Task objective
Every line of the listing that holds the word "pour" should be returned.

Information provided
........
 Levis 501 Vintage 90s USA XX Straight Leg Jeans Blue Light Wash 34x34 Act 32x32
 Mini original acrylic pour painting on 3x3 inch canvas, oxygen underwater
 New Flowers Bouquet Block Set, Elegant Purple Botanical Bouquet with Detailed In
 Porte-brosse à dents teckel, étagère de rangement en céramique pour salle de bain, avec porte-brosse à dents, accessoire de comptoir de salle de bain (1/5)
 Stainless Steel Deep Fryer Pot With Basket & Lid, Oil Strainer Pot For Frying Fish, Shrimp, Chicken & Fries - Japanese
........
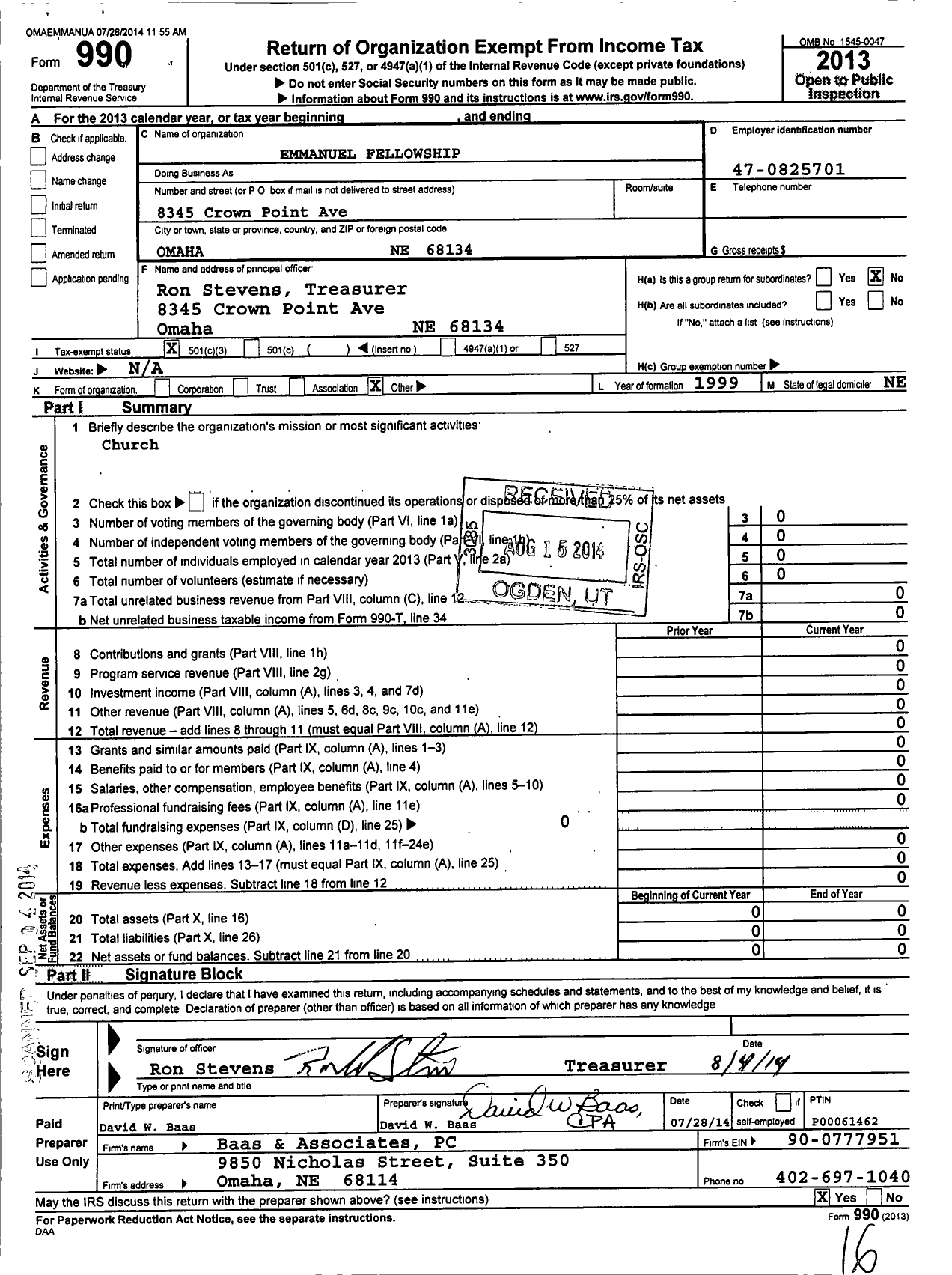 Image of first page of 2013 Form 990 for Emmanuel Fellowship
........
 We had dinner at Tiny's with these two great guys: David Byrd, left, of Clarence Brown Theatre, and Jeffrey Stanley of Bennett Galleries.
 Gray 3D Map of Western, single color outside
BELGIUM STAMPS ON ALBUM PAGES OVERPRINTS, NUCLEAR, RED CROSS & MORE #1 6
........
Solution to the problem
 Mini original acrylic pour painting on 3x3 inch canvas, oxygen underwater
 Porte-brosse à dents teckel, étagère de rangement en céramique pour salle de bain, avec porte-brosse à dents, accessoire de comptoir de salle de bain (1/5)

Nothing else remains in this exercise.